Fucking Morons, take a joke and get over it.
Tim | March 7, 2008 at 4:58 pm
#32 – don’t be so quick to call people morons. NEWSFLASH: the internet is electronic. HELLO! You can’t “paste” anything, that’s for paper.
Auntie Kryst | March 7, 2008 at 5:01 pm
@3 “Ask any professor of economics. Money does not grow on trees.” What if its a chimpanzee economics professor? Because then money does grow on tress. Myself, I play the plantain market.
jim bean | March 7, 2008 at 5:02 pm
You FUCKING TOOL. Right click your mouse and you’ll see that you can COPY AND PASTE text and images.
Now if that was a satyrical comment you’re a funny fuck but, if you were serious then I worry for you and the wrold, especially if you have a drivers liscence. There are people who are THAT stupid so I’m sorry I can’t tell if your serious.

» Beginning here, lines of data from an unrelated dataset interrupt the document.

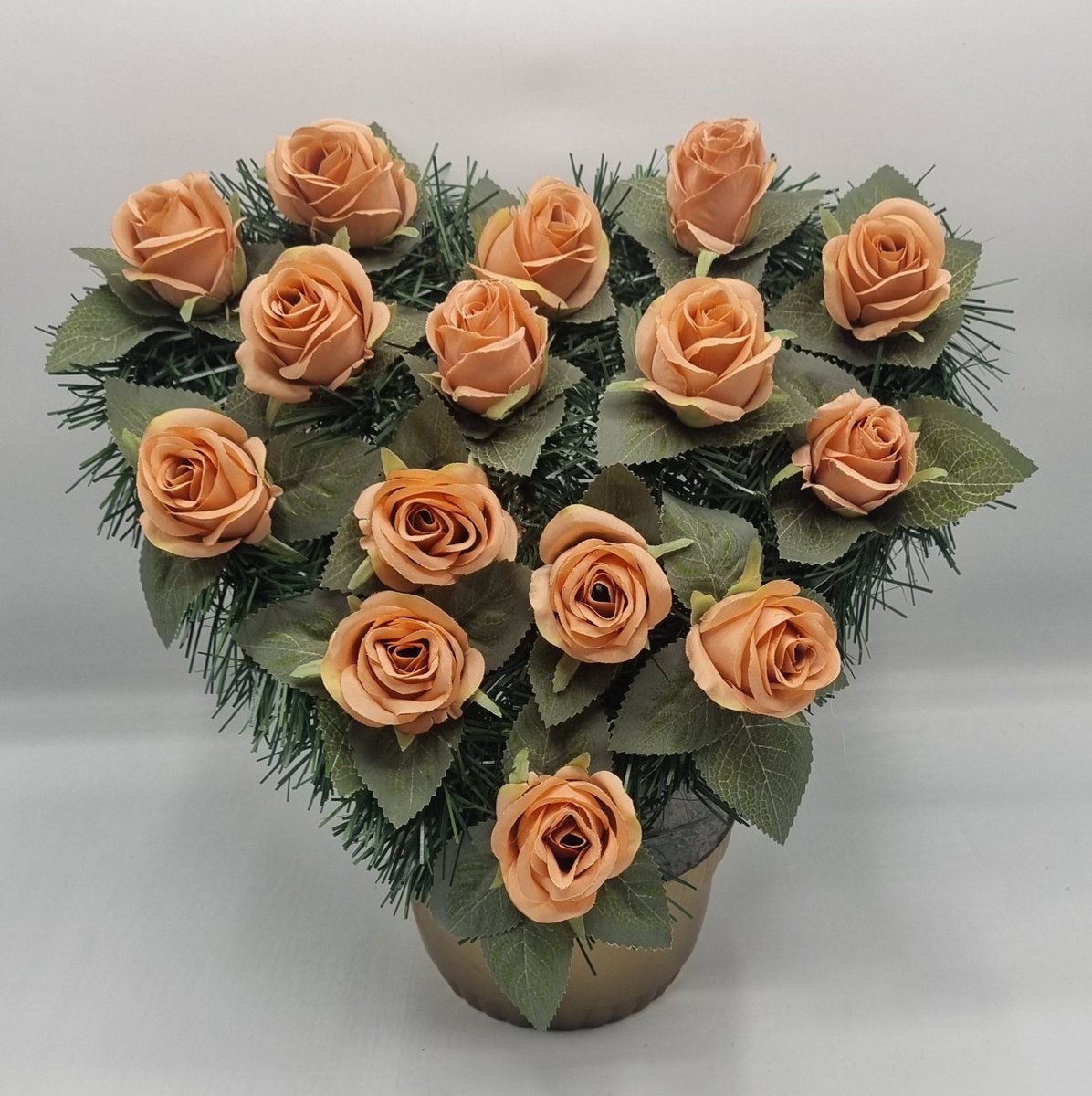 Bloemstuk - Khaki299 - Hart - Roos - Oud Roze - 30cm - Verzwaard - Buigzaam - Grafdecoratie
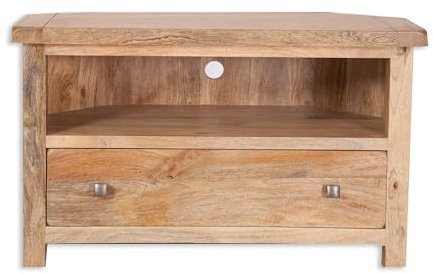 Modern Odisha Solid Mango Wood Corner TV Unit Fully Assembled Living Room Furniture Classic Design Craftsmanship Storage Shelves Elegant and Functional Piece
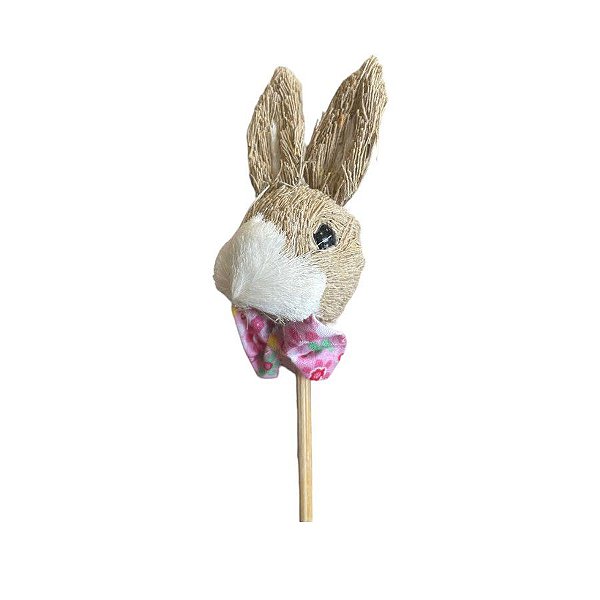 Pick Decorativo Páscoa - Coelho de Gravata Rosa Estampada - 30cm  - 1 unidade - Cromus - Rizzo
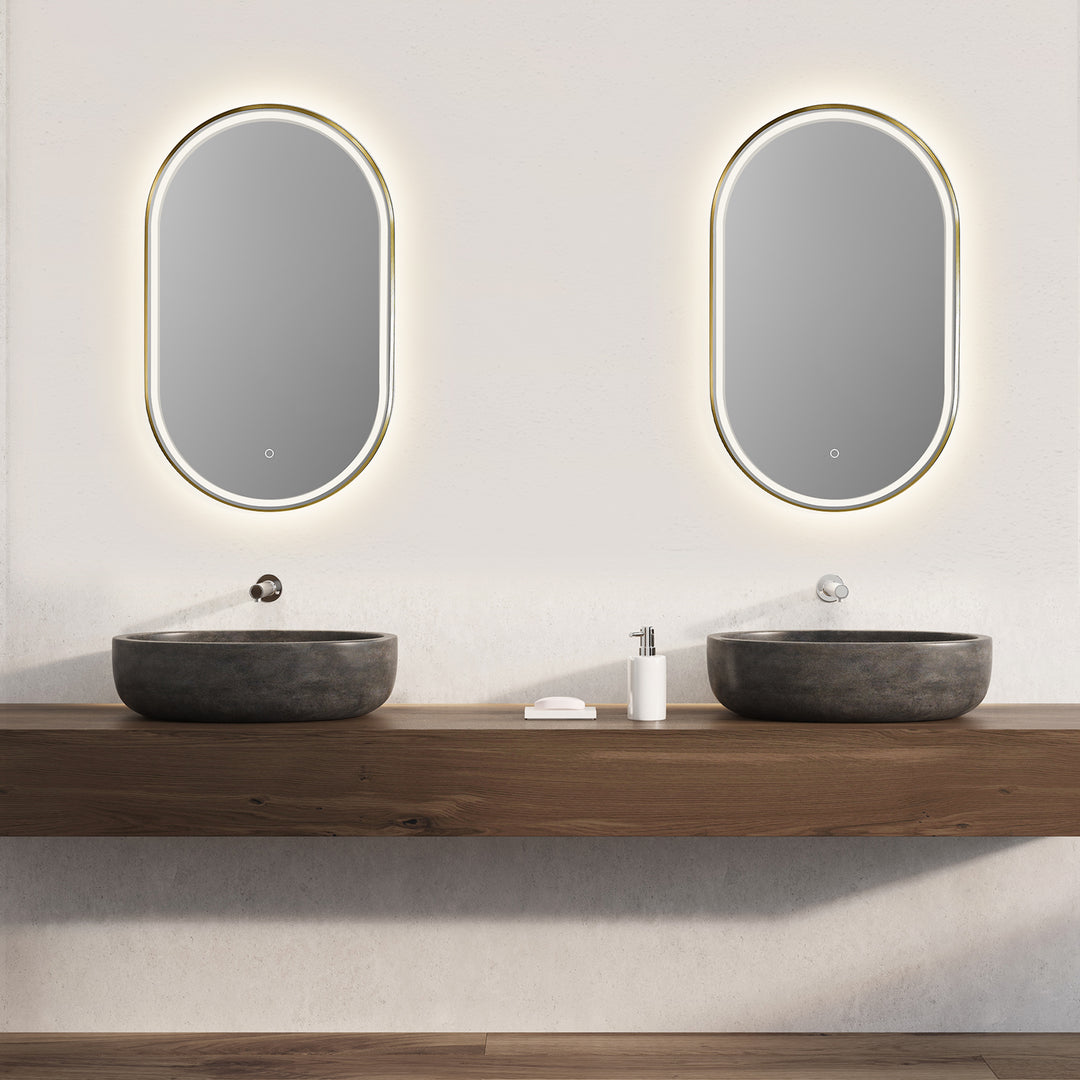 Oleggio Oval Modern Bathroom/Vanity LED Lighted Wall Mirror
 36" Framed in Matt Black Modern Bathroom/Vanity LED Lighted Wall Mirror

Ted from LA | March 7, 2008 at 5:03 pm
#3,
I read it and agree almost 100% with it. Especially the part about Oprah being a filthy pig. We’re fucked. Desperate people will do desperate things. Religion is what keeps poor people from killing rich people. We’re starting to see there isn’t enough religion to go around. The next president better make changes in a big hurry. Did you see that CEO who made over 100 million dollars? It’s criminal. Kirstie Alley is a filthy pig too (and I’m not talking about either of their weights). Happy Weekend you degenerates.

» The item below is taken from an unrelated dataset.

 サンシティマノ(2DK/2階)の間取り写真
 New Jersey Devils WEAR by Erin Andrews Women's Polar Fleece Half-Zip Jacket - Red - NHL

audience | March 7, 2008 at 5:04 pm
#35 – you forgot to add: “….*tap* … *tap* … hey is this thing on?”
Sambo the Ass Pirate | March 7, 2008 at 5:07 pm
32, ass dolittle
only joke is you, please go die in a fire.

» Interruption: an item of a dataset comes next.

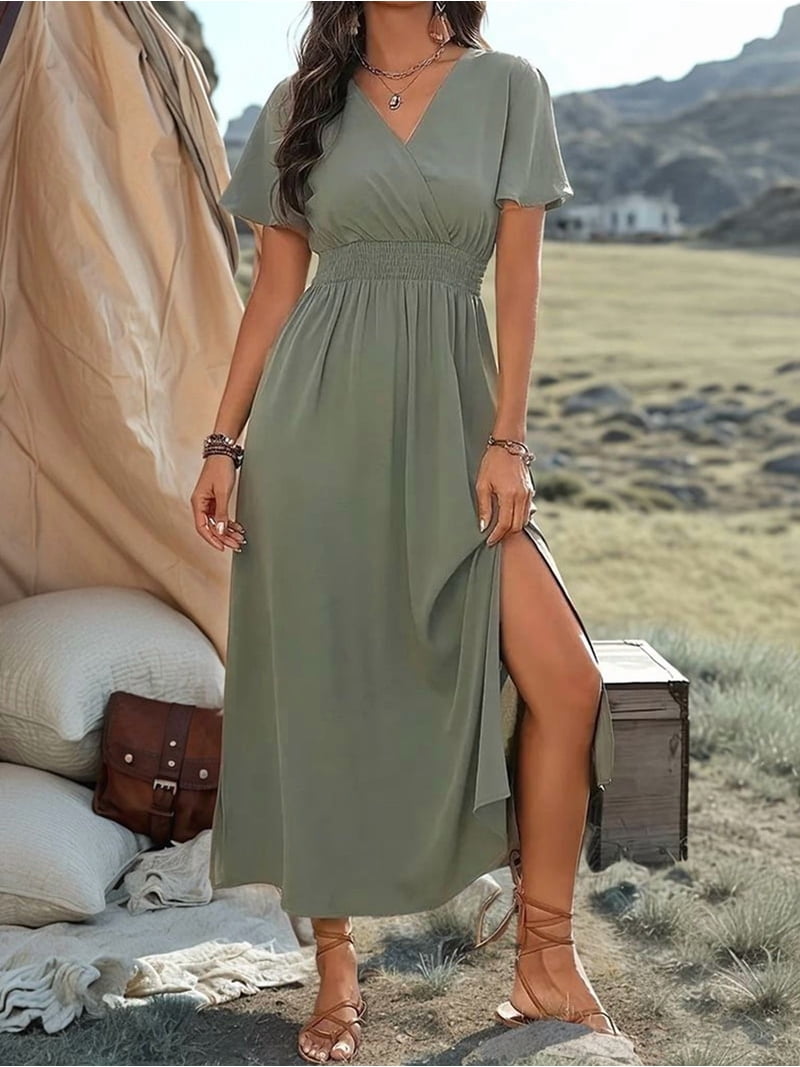 olive green summer maxi dress Women'S V Neck Casual Vacation Short Sleeve Dress Beach Boho Chic Day Gown XL mustard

nipolian | March 7, 2008 at 5:08 pm
#32 – LMAO @ “Although you guys probably should read the herpie info”.
Famous Plastic | March 7, 2008 at 5:10 pm
Cute dress, too bad it’s filled with trash…
Sambo the Ass Pirate | March 7, 2008 at 5:12 pm
people who spell ‘herpes’ with an ‘i’ shouldn’t call other people morons.
Sambo the Ass Pirate | March 7, 2008 at 5:13 pm
41, it is a cute dress, and the matching sunglasses. i think i have a “My Little Pony” with that same color scheme.
eps | March 7, 2008 at 5:14 pm
Wow. Fish is in a slump. Funny factor today: 0
Auntie Kryst | March 7, 2008 at 5:16 pm
@38 These are the jokes people! Ahh fuck it, you’re right it was lame. The urge to type was too strong. G’nite folks, please remember to tip your waitress.
greed is ruining the world | March 7, 2008 at 5:21 pm
Agreed # 37. It’s all true. People just get turned off by really long posts as they are used to them being full of drivel. BUT the person who originally wrote this is completely correct.
It’s so fucking depressing because hardly anyone gets it. You know how many idiot women worship Oprah. I’m one of the only women I know who sees through her bullshit. The greed in this world is unfathomable and worst of all it’s being fuleed and spread through the media. They are greed and they try to sell greed.
This was originally posted on the drew barrymore bikini blog. (in so Freaking Hot) I agreed there and I always will.
itchy poonanie | March 7, 2008 at 5:25 pm
Paris Hilton: I don’t remember these…(*)(*)
She also says that every morning when she wakes up with new herpes sores.
Paris Hilton's anus | March 7, 2008 at 5:26 pm
pffffffffft…pfft pfft pfft pbpbp
PTHBPTHBPTHBPTHB PLOP PLOP PLOP SPLATTER!!!!!! SQUIRT SPLASH PTHBPTHBPTHB!!!
pfffft
PunkA | March 7, 2008 at 5:27 pm
Paris has been pushing those puppies up as high as she can for a while now. Not sure why she doesn;t just get the boob job she really wants now and get it over with. Clearly, she wants to have more than she does. Stop pretending and get it done already.
nipolian | March 7, 2008 at 5:28 pm
#46 – That’s all fine and dandy but what the fuck has it got to do with Paris Hiltons’ tits or herpes?
@@@@@@@@@@= $$$$$$$$$$ | March 7, 2008 at 5:36 pm
If this bitch had a dollar for every herpie sore shes ever had she’d be the richest person in the world.
GUIDE FOR RETARDS( like if Paris has her case worker read this to her):
I made a picture to show the dollar to oozing puss sore equation. The @ is supposed to be a festering herpie sore and the $ represents money.